**Supplied material:**

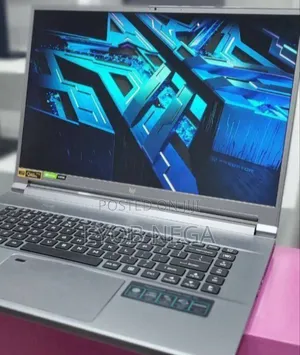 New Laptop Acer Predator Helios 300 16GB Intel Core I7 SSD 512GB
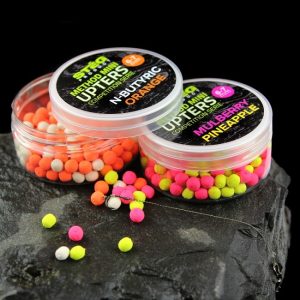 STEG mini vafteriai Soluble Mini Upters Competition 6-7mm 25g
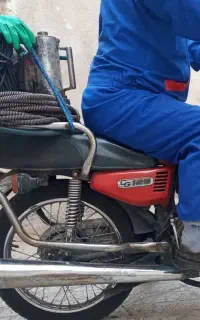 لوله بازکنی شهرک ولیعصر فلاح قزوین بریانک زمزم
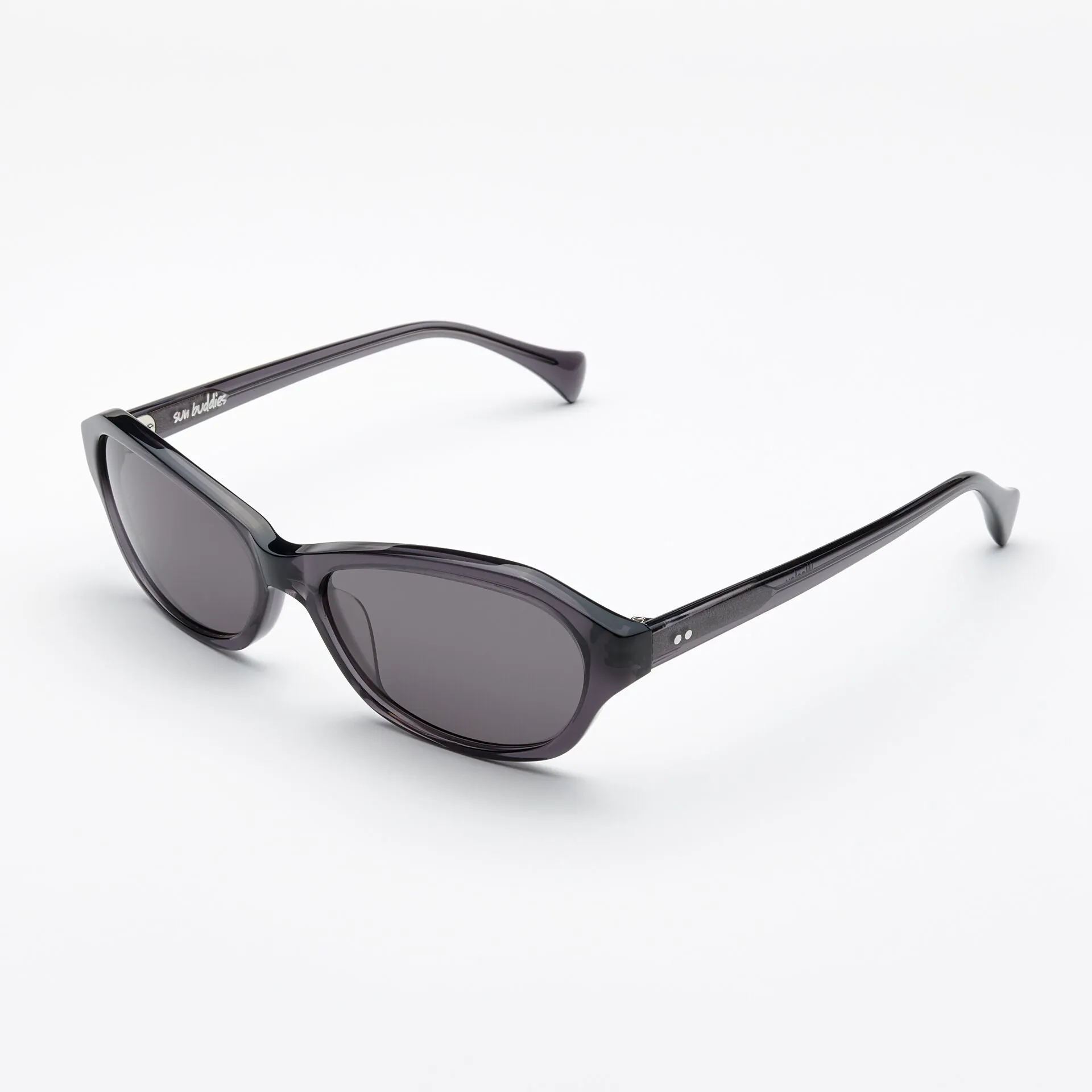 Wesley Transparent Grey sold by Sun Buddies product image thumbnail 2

* * *

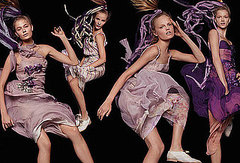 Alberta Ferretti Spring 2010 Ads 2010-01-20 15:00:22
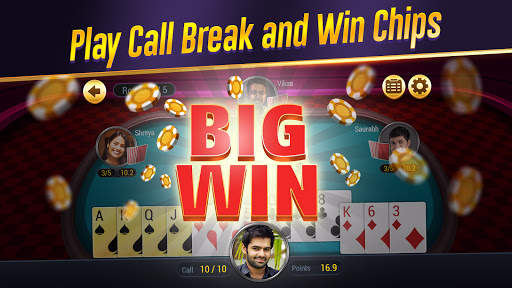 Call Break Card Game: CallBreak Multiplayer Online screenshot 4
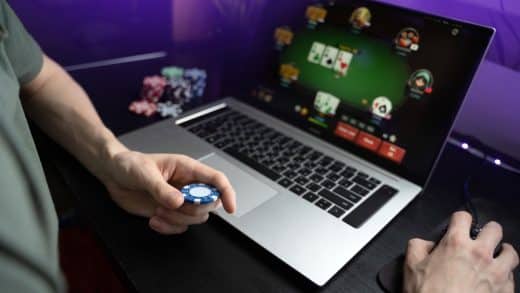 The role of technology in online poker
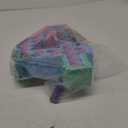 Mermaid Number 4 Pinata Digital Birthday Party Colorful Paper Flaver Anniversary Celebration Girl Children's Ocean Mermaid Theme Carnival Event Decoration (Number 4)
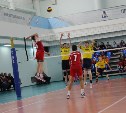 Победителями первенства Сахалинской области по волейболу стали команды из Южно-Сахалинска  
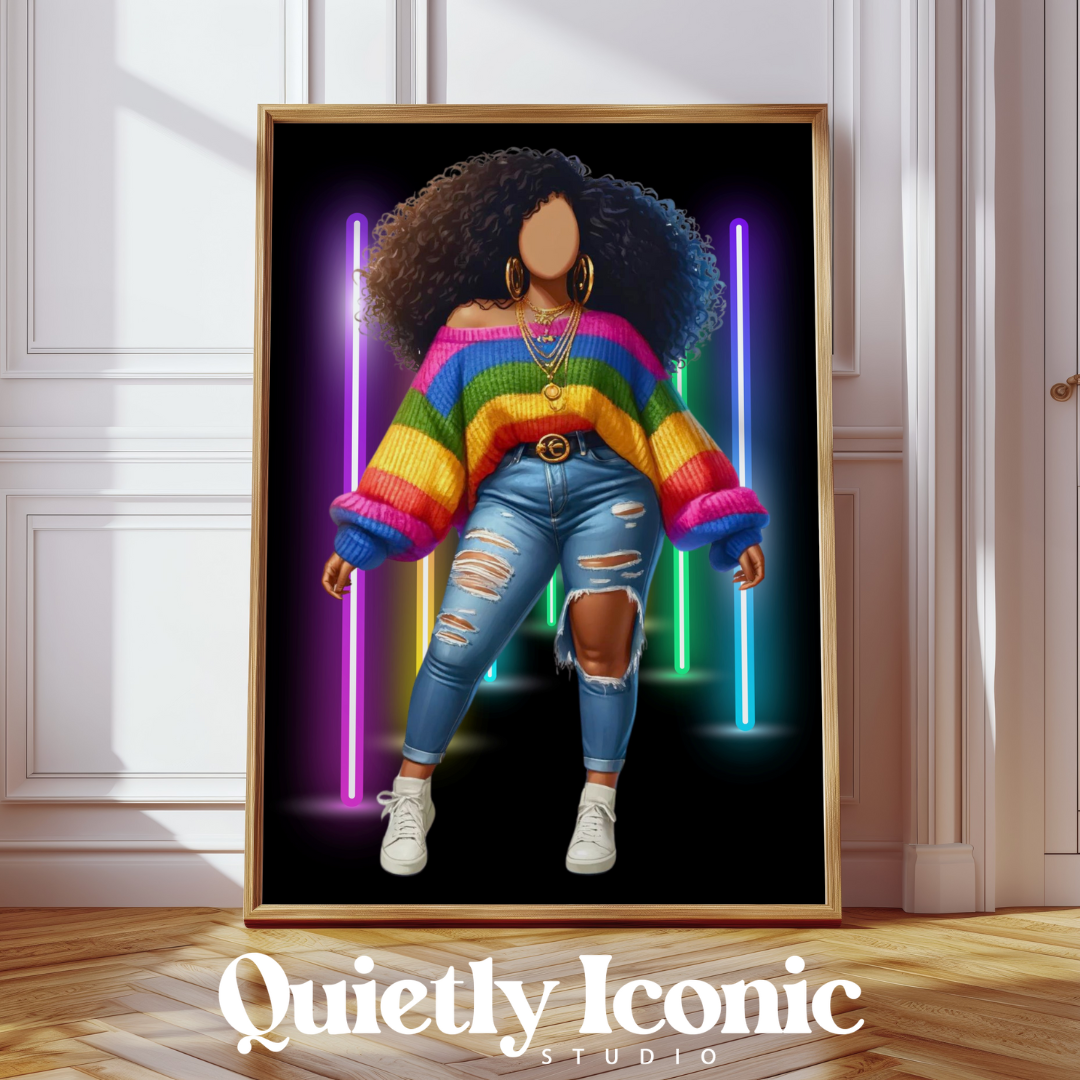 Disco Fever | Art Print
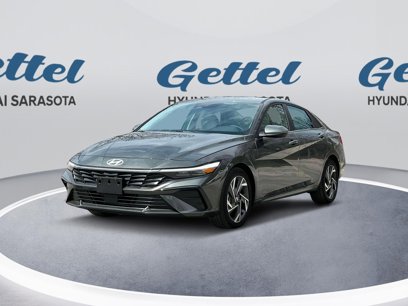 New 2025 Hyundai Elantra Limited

==

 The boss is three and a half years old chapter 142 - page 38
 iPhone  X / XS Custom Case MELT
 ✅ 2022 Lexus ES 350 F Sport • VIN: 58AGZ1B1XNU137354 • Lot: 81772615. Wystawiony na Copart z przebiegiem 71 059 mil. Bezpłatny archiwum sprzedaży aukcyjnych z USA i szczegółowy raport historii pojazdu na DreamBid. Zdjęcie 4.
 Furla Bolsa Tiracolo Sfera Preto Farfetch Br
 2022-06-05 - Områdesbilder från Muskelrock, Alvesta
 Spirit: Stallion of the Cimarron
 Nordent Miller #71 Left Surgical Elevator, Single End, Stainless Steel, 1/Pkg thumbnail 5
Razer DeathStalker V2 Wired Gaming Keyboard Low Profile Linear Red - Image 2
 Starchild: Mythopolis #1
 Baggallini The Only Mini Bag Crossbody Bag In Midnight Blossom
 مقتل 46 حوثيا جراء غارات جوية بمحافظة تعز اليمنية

**Exercise instructions:** For the listing above, print only the lines starting at the line containing "Razer DeathStalker V2" and ending at the line containing "مقتل 46 حوثيا", exactly, both included.

**Task response:**
Razer DeathStalker V2 Wired Gaming Keyboard Low Profile Linear Red - Image 2
 Starchild: Mythopolis #1
 Baggallini The Only Mini Bag Crossbody Bag In Midnight Blossom
 مقتل 46 حوثيا جراء غارات جوية بمحافظة تعز اليمنية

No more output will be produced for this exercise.